At a financial services firm, a well-designed process improvement met constant passive resistance because it required departments to share customer information – something that had historically been a source of departmental power. The technical solution was sound, but it failed to address the underlying cultural dynamics of information as currency.

Creating a culture receptive to Lean Six Sigma requires attention to several dimensions:

First, organizations must address the “what’s in it for me” question honestly. Employees rightly question how process improvements benefit them rather than simply increasing workloads or threatening job security. Without clear answers, enthusiasm remains tepid at best.

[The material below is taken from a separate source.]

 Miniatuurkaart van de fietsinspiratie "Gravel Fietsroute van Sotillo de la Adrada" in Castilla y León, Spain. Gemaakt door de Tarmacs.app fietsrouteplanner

Second, effective cultural change requires identifying and engaging informal leaders – those whose opinions carry weight regardless of formal titles. These individuals can become powerful allies or formidable opponents depending on how they’re engaged in the process.

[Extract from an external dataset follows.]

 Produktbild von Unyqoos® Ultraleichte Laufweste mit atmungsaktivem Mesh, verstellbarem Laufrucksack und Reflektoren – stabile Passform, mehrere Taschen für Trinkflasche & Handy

Third, communication must flow in multiple directions. Many organizations excel at top-down communication about Lean Six Sigma, but struggle with creating channels for feedback, concerns, and ideas to flow upward. This bidirectional communication builds trust and surfaces valuable insights about implementation barriers.

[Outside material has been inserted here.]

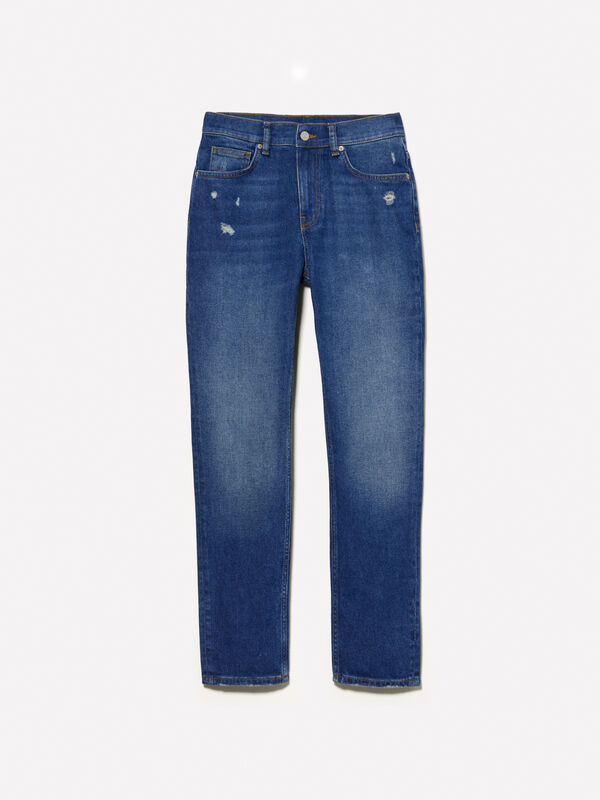 Blue slim fit 70 style jeans - women's slim fit jeans | Sisley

Finally, recognition systems must align with desired behaviors. If organizations celebrate Lean Six Sigma success but continue to reward traditional metrics that conflict with improvement goals, employees rationally follow the established incentive structure rather than the new improvement directives.

The Training Trap: When Belts Become the End Rather Than the Means

A striking 40% of Lean Six Sigma failures stem from inadequately trained personnel. However, the training problem isn’t always insufficient training – sometimes it’s inappropriate training or an overemphasis on certification at the expense of practical application.

Many organizations fall into what I call the “belt factory” trap – churning out Green Belts and Black Belts through standardized training programs without ensuring these individuals can translate classroom concepts into workplace realities. They track certification numbers as a measure of progress while neglecting to monitor actual improvement outcomes.

I’ve encountered numerous certified Black Belts who could explain statistical concepts flawlessly but struggled to facilitate a process mapping session with a resistant team or convince a skeptical manager to try a new approach. Technical proficiency matters, but without complementary skills in change management, facilitation, and influence, even the most knowledgeable practitioners struggle to drive improvement.

Effective training approaches balance technical methodology with practical application. They include mentoring components where experienced practitioners guide newcomers through real-world challenges. They recognize that different roles require different skill sets – executives need a strategic understanding while project leaders need tactical proficiency.

Most importantly, effective training creates a common language and approach across the organization. When everyone from frontline employees to senior executives shares a basic understanding of improvement concepts, communication barriers diminish and collaborative problem-solving flourishes.

Resource Realities: Setting Projects Up for Success

Even with perfect leadership, strategy, culture, and training, Lean Six Sigma initiatives falter without adequate resources. Research indicates that 64% of Lean Six Sigma projects face challenges due to insufficient resource allocation.

Resource constraints appear in various forms. Sometimes it’s inadequate time allocation, with team members expected to drive improvements while maintaining full workloads in their regular roles. In other cases, it’s insufficient access to data, analytical tools, or technical expertise. Often, it’s simply a matter of competing priorities overwhelming available capacity.

I recall a retailer whose Lean Six Sigma initiative floundered because Black Belts were reassigned to operational firefighting whenever volume spikes occurred – which happened frequently during seasonal peaks. The unstated message became clear: improvement is important, except when it’s not. Projects lingered in perpetual midstream status, never reaching completion or delivering sustainable benefits.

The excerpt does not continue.